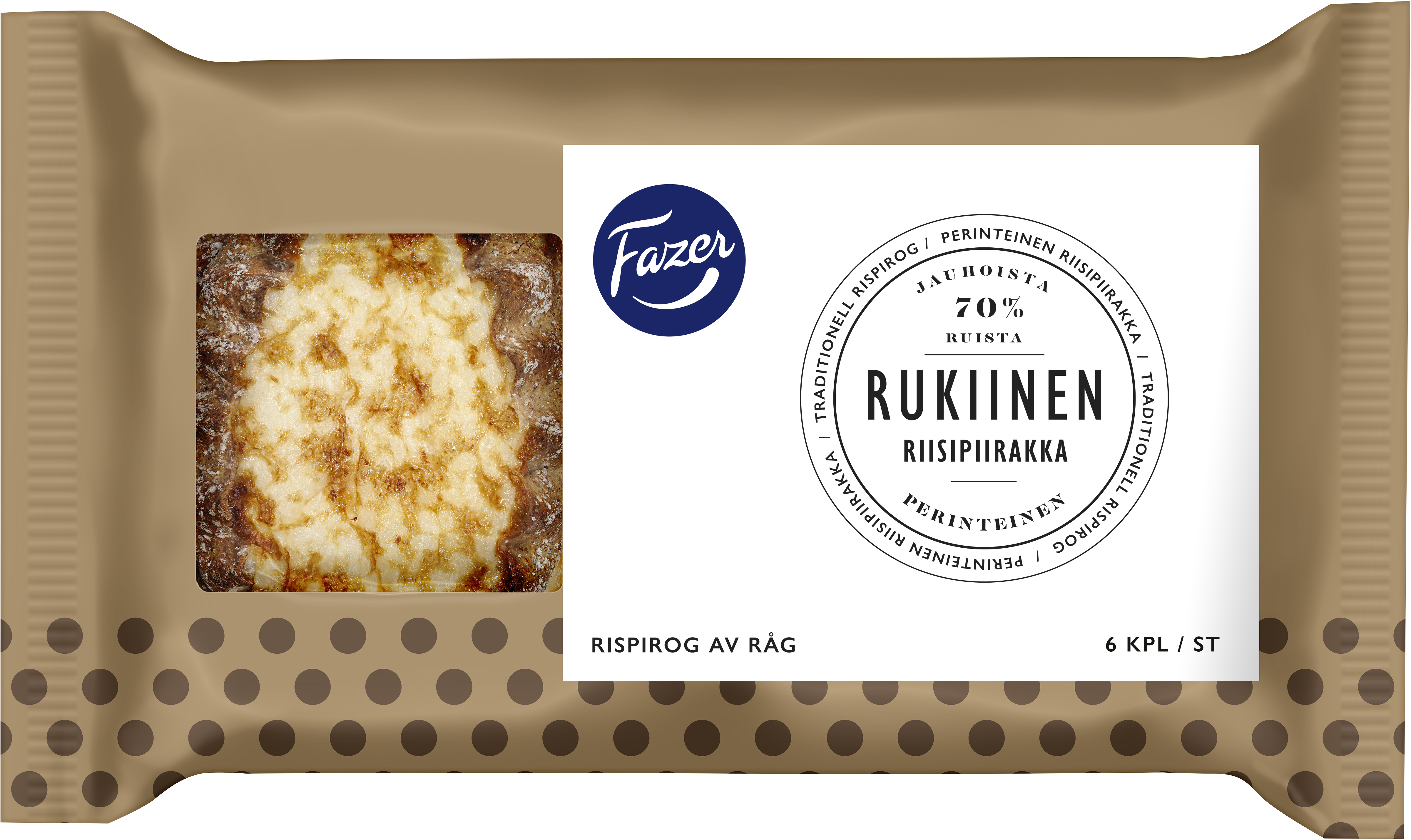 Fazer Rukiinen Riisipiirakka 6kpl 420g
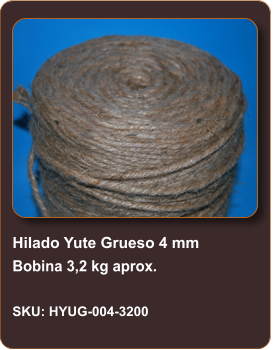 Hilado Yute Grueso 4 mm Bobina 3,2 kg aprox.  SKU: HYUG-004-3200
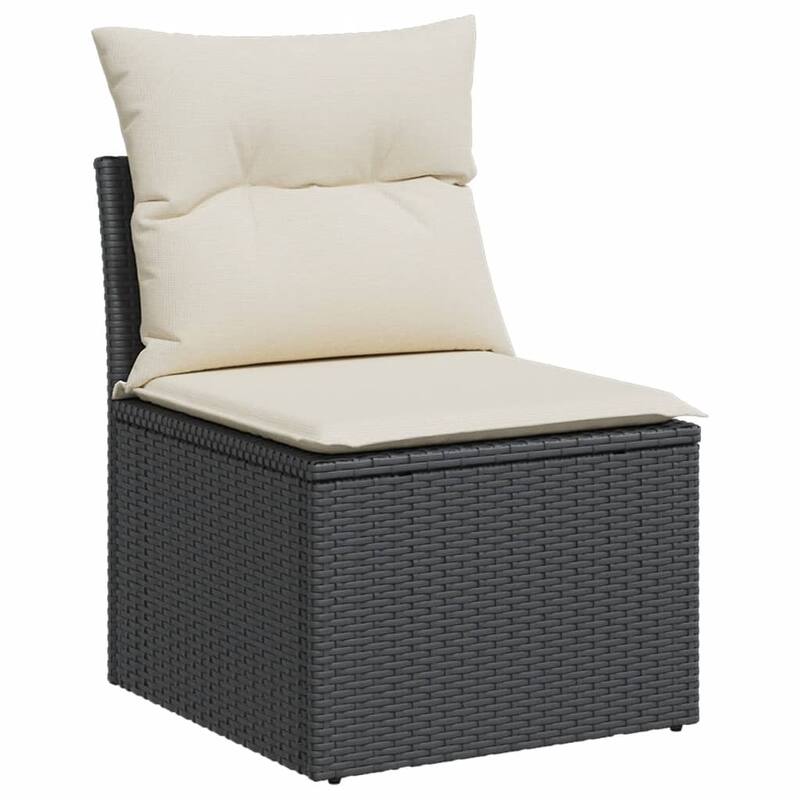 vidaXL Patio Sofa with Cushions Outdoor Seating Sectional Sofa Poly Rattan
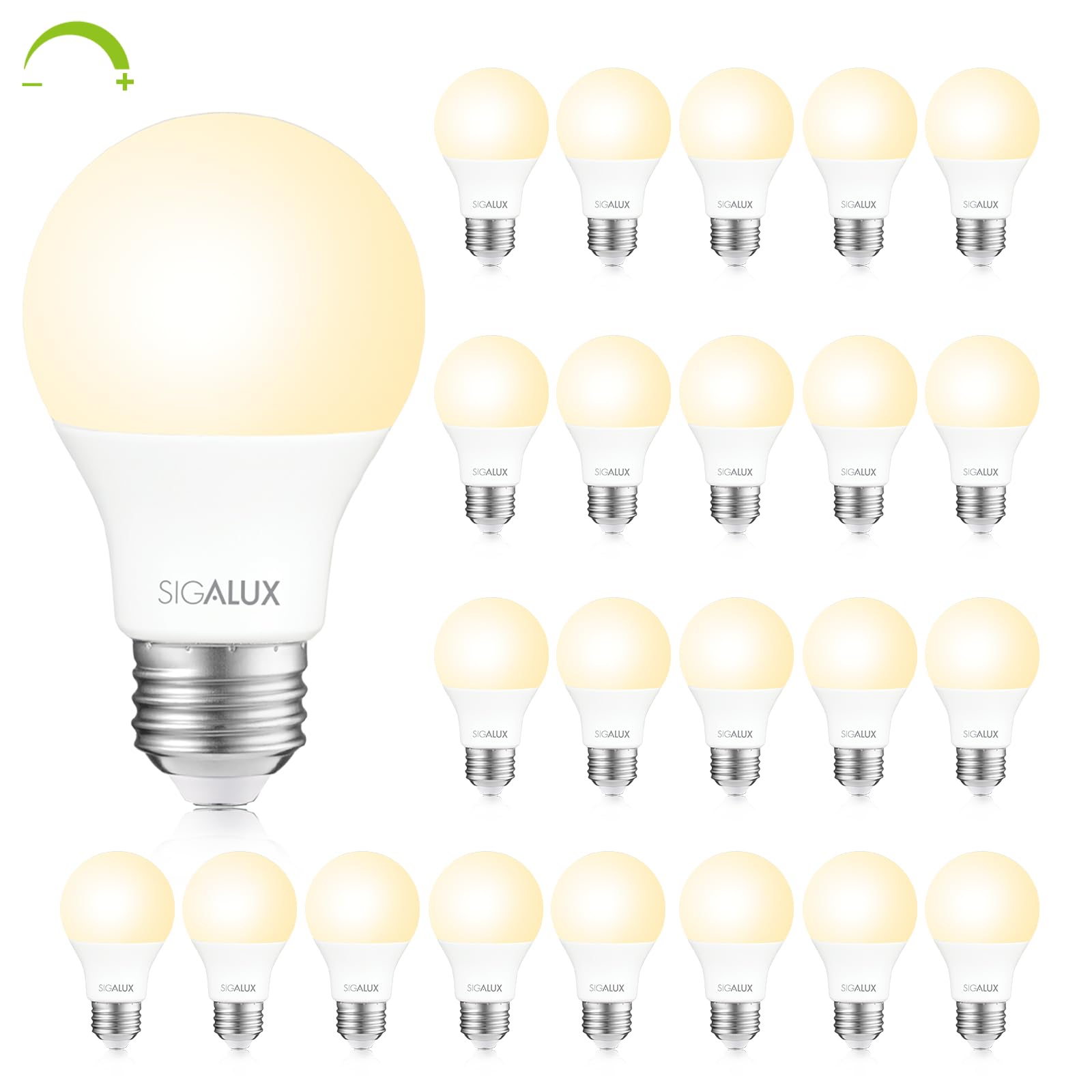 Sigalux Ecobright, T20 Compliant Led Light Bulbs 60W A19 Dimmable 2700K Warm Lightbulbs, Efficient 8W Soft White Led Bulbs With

Problem description
Retype all the data exactly; skip the pictures.

Completed exercise
 Fazer Rukiinen Riisipiirakka 6kpl 420g
 Hilado Yute Grueso 4 mm Bobina 3,2 kg aprox.  SKU: HYUG-004-3200
 vidaXL Patio Sofa with Cushions Outdoor Seating Sectional Sofa Poly Rattan
 Sigalux Ecobright, T20 Compliant Led Light Bulbs 60W A19 Dimmable 2700K Warm Lightbulbs, Efficient 8W Soft White Led Bulbs With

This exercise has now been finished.